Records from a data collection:
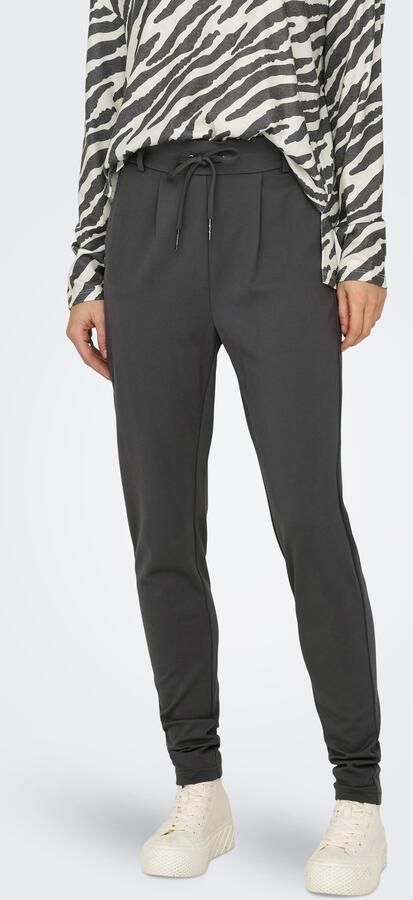 Only Slim fit bandplooibroek met tunnelkoord model 'POPTRASH LIFE EASY' - Foto 5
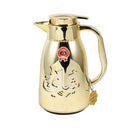 Vacuum Insulated Plastic Thermos Flask Gold 1L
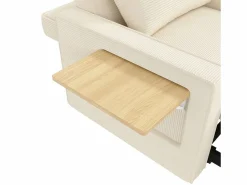 Sale Sofá convertible con puerto USB y soporte para teléfono, respaldo ajustable - Pana Sillón Cama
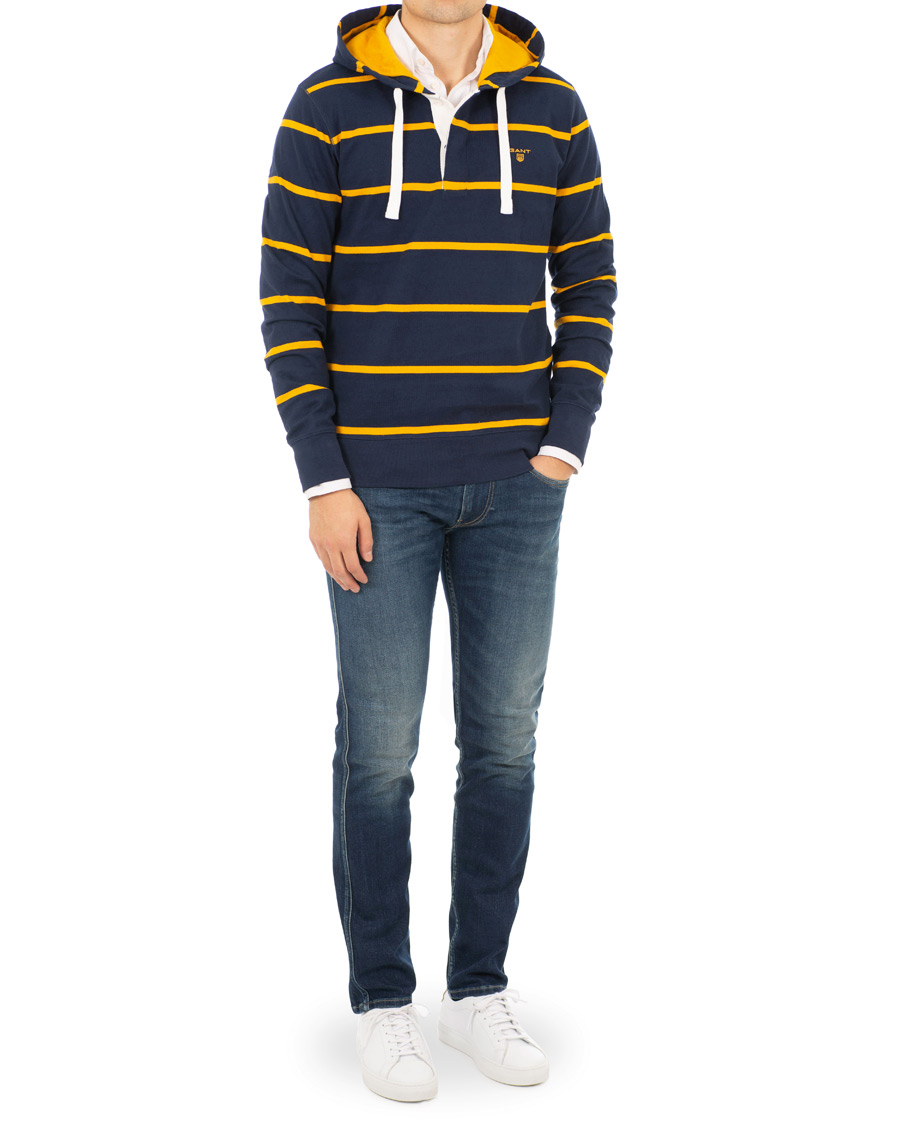 Gant deals stripe hoodie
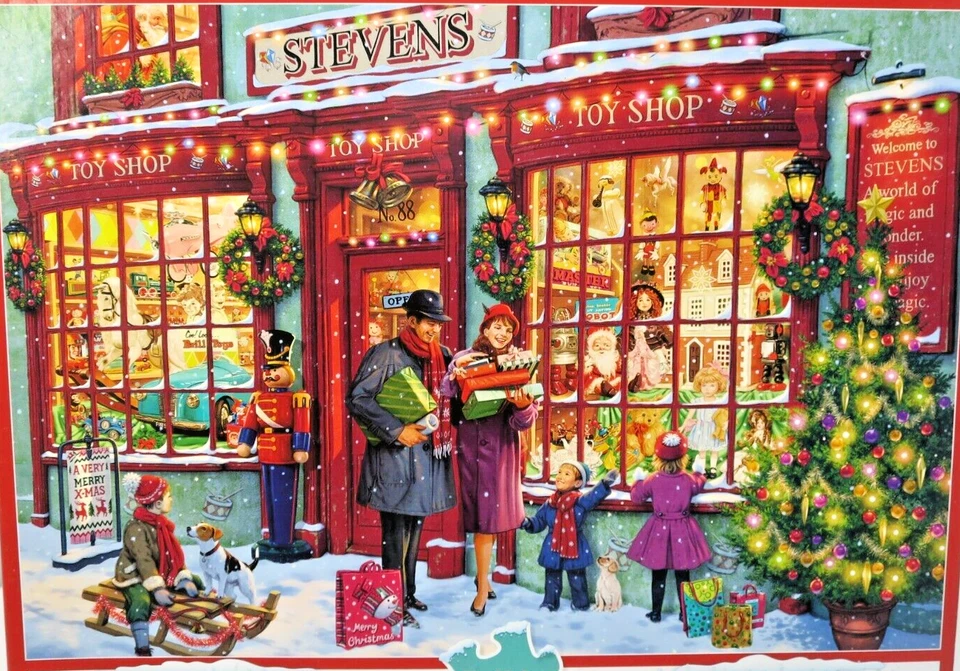 Buffalo Games Holiday Collection Christmas Toyshop 2000 PC Jigsaw Puzzle 2019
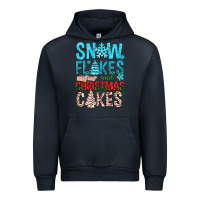 Navy Snow Flakes aAd Christmas Cakes Urban Hoodie - BundleAndBundleShop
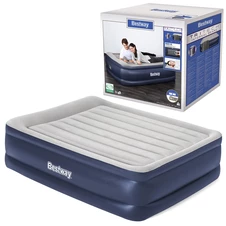Надувная велюр кровать Bestway 67614 двуспальная, с электронасосом, 203 х 152 х 56 см. фото 11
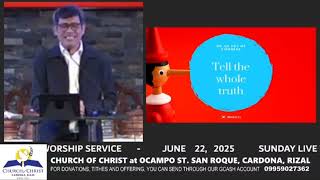 TELL THE WHOLE TRUTH (Half truth is a lie)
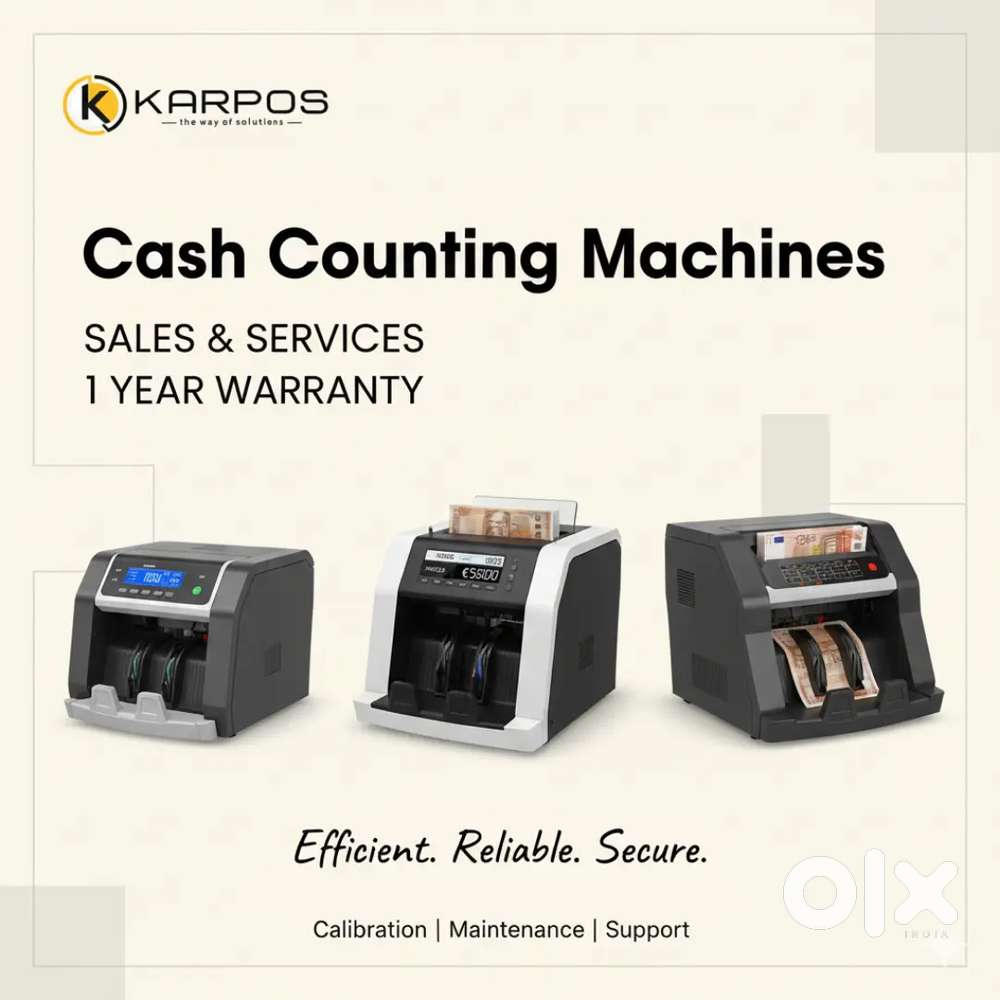 Cash counting machine with warranty AD NO 202512953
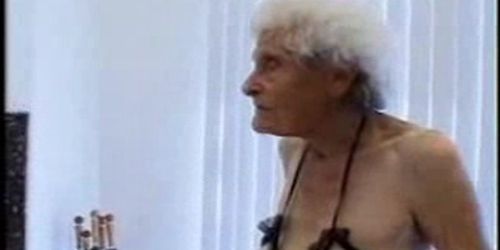 Old slut 84 years old still loves young cock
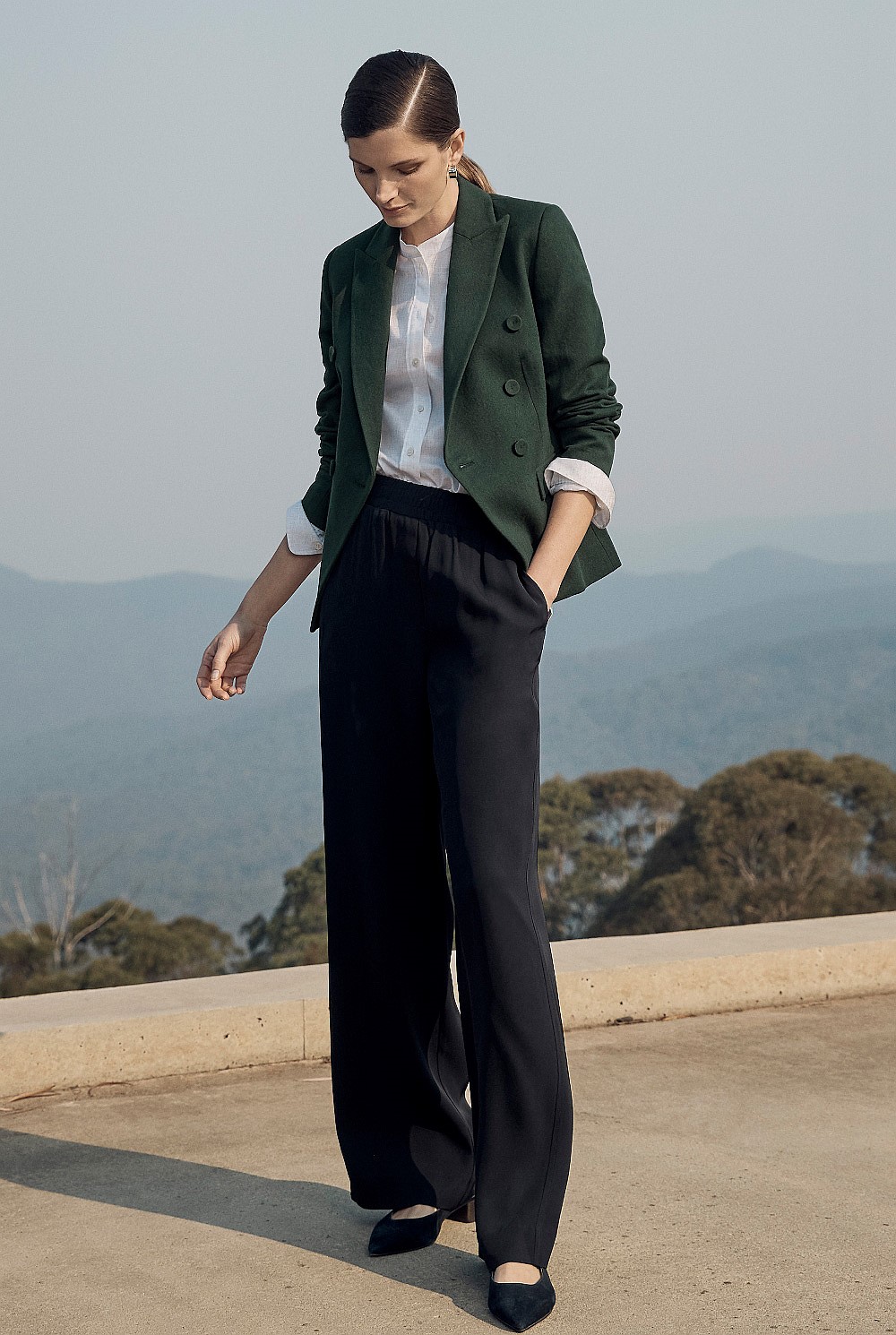 Pull On Wide Leg Pant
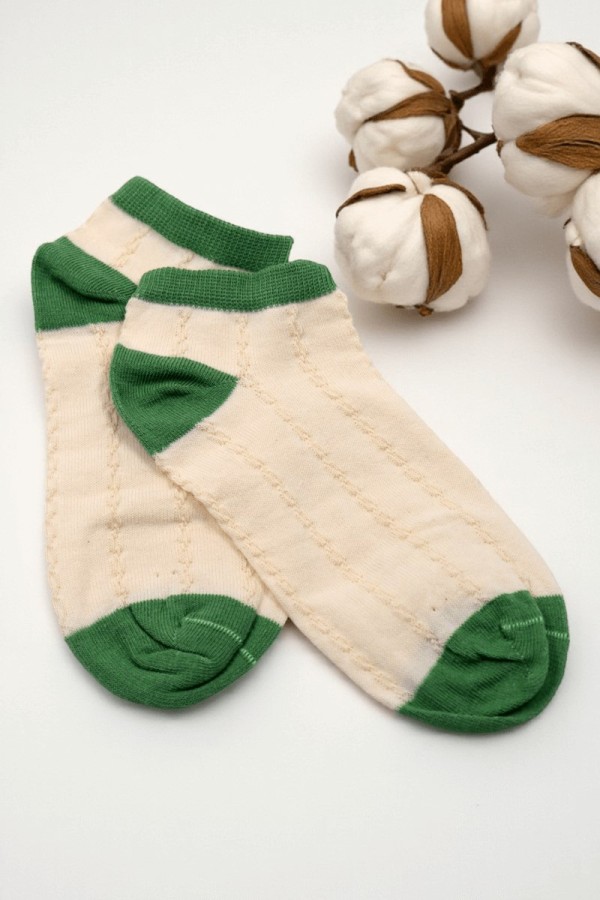 Dikişsiz Burun Kadın  Patik Çorap (36-40) 9012-5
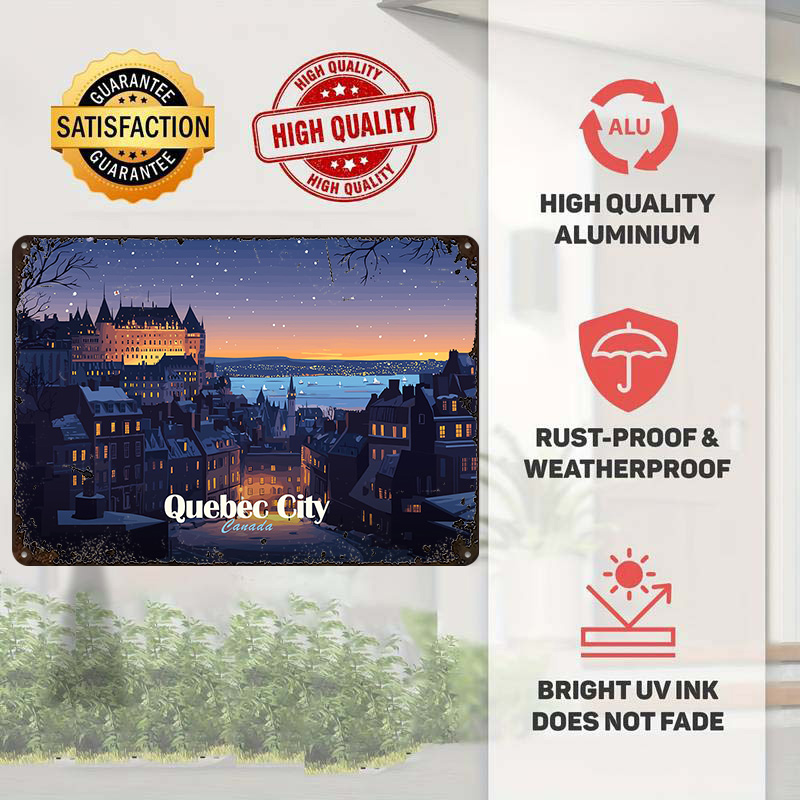 Quebec City At Night Printed P - Retro Gaming Quebec recension och pris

WHAT YOU SHOULD DO: Print every entry exactly. Pictures are not part of the copy.

EXPECTED OUTPUT:
 Only Slim fit bandplooibroek met tunnelkoord model 'POPTRASH LIFE EASY' - Foto 5
 Vacuum Insulated Plastic Thermos Flask Gold 1L
 Sale Sofá convertible con puerto USB y soporte para teléfono, respaldo ajustable - Pana Sillón Cama
 Gant deals stripe hoodie
 Buffalo Games Holiday Collection Christmas Toyshop 2000 PC Jigsaw Puzzle 2019
 Navy Snow Flakes aAd Christmas Cakes Urban Hoodie - BundleAndBundleShop
Надувная велюр кровать Bestway 67614 двуспальная, с электронасосом, 203 х 152 х 56 см. фото 11
 TELL THE WHOLE TRUTH (Half truth is a lie)
 Cash counting machine with warranty AD NO 202512953
 Old slut 84 years old still loves young cock
 Pull On Wide Leg Pant
 Dikişsiz Burun Kadın  Patik Çorap (36-40) 9012-5
 Quebec City At Night Printed P - Retro Gaming Quebec recension och pris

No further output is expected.